Bene, detto tutto questo non concordo però minimamente con chi dice che questo è un lavoro come gli altri, e che considerarlo tale ci metterebbe al riparo da uno sfruttamento che usa cinicamente le nostre buone intenzioni. No, mi dispiace, insegnare/educare non è un lavoro come un altro, è una professione molto particolare e molto delicata, che richiede un altissimo grado di preparazione e capacità tutt’altro che comuni, visto che riguarda un aspetto cruciale per ogni società degna di questo nome, cioè la crescita delle nuove generazioni. Ciò non vuol dire affatto che dobbiamo agevolare il compito di chi, facendo leva sul nostro spirito di sacrificio, vorrebbe farci lavorare gratis (che poi gran parte del lavoro gratis riguarda appunto inutili attività burocratiche che con la nostra professione non hanno niente a che fare. Su questo, però, non si vede mai una convincente e generalizzata ribellione…), ma almeno tra noi una cosa ce la dobbiamo dire: non si può insegnare, non ce la si fa, se non si è sorretti anche da una motivazione ideale, che tenga insieme la voglia di trasmettere cultura, il senso di responsabilità per l’importanza del nostro lavoro e quell’affetto costruttivo senza il quale i nostri studenti – specie gli adolescenti – diventano per noi soltanto delle presenze francamente insopportabili, perché i giovanissimi sono davvero insopportabili se non sono visti nell’ottica di ciò che tentano di diventare, spesso a loro insaputa (in questo senso, ho l’impressione che l’accusa agli altri di essere dei “missionari” serva anche non di rado – e contrario – a giustificare ogni mancanza di motivazione, passione e talento per questo lavoro…).

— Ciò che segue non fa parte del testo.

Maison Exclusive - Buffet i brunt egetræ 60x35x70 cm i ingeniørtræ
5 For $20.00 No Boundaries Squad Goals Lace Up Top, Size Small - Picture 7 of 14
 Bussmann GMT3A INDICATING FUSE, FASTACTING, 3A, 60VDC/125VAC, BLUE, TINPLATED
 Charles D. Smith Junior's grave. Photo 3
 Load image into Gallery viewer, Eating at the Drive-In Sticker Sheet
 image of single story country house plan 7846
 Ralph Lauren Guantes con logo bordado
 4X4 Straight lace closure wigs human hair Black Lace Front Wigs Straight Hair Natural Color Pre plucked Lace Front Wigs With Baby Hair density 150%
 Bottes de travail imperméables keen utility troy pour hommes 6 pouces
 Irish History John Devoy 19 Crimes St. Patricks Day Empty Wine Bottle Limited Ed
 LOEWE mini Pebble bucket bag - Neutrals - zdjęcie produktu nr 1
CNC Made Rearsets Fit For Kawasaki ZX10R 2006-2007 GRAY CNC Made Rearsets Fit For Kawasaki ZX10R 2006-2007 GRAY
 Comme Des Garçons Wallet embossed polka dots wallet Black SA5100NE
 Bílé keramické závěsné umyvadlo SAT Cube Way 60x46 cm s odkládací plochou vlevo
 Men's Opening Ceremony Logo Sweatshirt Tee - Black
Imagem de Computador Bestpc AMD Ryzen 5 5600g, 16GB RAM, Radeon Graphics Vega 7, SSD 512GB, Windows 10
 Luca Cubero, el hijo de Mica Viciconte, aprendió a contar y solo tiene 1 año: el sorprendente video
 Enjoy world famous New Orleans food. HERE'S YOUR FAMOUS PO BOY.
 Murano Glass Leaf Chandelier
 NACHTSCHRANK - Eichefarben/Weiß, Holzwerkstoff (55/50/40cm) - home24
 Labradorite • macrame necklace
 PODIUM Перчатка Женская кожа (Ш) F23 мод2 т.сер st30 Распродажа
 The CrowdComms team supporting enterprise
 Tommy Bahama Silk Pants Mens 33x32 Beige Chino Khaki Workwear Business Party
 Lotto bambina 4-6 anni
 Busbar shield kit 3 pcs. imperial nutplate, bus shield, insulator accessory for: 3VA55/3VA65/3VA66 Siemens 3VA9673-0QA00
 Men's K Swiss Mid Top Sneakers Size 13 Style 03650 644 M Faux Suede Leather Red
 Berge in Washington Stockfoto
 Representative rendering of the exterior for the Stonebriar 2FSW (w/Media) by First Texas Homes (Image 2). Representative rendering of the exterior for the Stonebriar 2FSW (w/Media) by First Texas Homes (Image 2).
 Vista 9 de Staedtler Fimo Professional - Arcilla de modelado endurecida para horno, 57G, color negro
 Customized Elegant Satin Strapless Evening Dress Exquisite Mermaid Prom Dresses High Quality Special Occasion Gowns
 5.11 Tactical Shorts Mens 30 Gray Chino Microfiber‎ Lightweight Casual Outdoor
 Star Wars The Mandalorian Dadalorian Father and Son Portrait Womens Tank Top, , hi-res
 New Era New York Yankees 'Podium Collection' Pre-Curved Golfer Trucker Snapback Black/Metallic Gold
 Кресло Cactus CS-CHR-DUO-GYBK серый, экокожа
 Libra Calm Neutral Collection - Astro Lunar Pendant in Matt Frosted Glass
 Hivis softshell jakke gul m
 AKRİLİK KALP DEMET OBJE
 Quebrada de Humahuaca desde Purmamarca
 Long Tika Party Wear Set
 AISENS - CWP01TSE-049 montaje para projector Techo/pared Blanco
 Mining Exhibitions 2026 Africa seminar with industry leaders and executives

A mio avviso non si può insegnare, fatta salva la lotta per i nostri sacrosanti diritti e una rabbia più che motivata, se abbiamo verso il nostro lavoro un atteggiamento solo rancoroso, che ci toglie la fiducia anche nel poco che possiamo comunque fare e ci fa dimenticare delle persone fragili che abbiamo di fronte e che hanno un immenso bisogno di noi. Gli studenti sono le vittime, insieme a noi, di una società che se ne frega del futuro e dell’educazione e che noi possiamo e dobbiamo rovesciare dall’interno. Ne avremmo la forza, ci mancano consapevolezza, coesione, convinzione e coraggio.

[P.s. Nel termine “missionario” e nell’uso che se ne fa c’è un’ambiguità che va chiarita, altrimenti c’è il rischio di includere nella definizione evidentemente dispregiativa anche il senso del nostro lavoro, le motivazioni e le finalità profonde che esso dovrebbe possedere (e non sono pochi quelli che vorrebbero impoverire questo lavoro e ridurlo ad una ‘pratica’ burocratica senz’anima e senza senso). Per una volta l’inglese ci aiuterebbe: il termine ‘mission’ è molto più chiaro dell’equivalente italiano].